Of course, communication is critical in personal relationships, too. Compromise may be the key to any successful partnership, but communication is certainly the glue that holds it all together.
And the list of areas where communication is crucial goes on and on.
It is paramount when it comes to teaching children, growing a community, operating a trusted government and virtually anything else of real substance. So then, why are so many of us so bad at communicating?
That may be the million-dollar question. Even those who are essentially paid to communicate for a living often do it very poorly. There are lots of examples when it comes to public relations and elected officials.
Even then, good communication isn’t enough. The question is: How do we become great communicators?
I certainly don’t claim to have all the answers.
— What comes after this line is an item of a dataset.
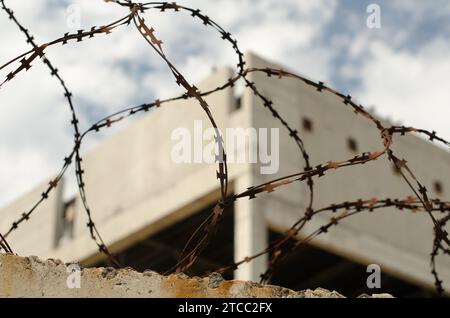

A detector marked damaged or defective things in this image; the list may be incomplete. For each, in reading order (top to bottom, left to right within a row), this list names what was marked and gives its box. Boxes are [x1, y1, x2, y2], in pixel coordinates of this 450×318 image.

broken concrete [0, 253, 392, 298]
I’ve often shared quotes from Jim Collins’ excellent book “Good to Great: Why Some Companies Make the Leap…And Others Don’t.” Although he is viewed as a business–focused author, Collins offers lots of insights that apply to communication and improving other areas of our lives.
“Greatness is not a function of circumstance,” he writes. “Greatness, it turns out, is largely a matter of conscious choice, and discipline.”
There are millions of experts and leadership books out there that can offer all sorts of advice on how to be a great communicator. But, for me, good communication has a few basic steps that I have used and refined over the years.
First, just be quiet and listen. If one person does all the talking that isn’t two-way communication.
Second, be very clear and specific about the information conveyed. what it means and it is important.
Third, say exactly what you are going to do and do what you say.
Fourth, ask if everything is understood and refer back to item number one on this list.
Finally, follow-up to ensure the message was handled appropriately.
Improving communication skills is a constant process of self-reflection and evaluation. No one should ever say, “OK, I’m a great communicator. Now I’m done.”
If we all spend a little more time on our communication skills then our communities and, ultimately, our lives will be better for it.
“Good” and “good enough” won’t lead to sustainable success in any area. We have to strive for great communication first and build a stronger foundation from there.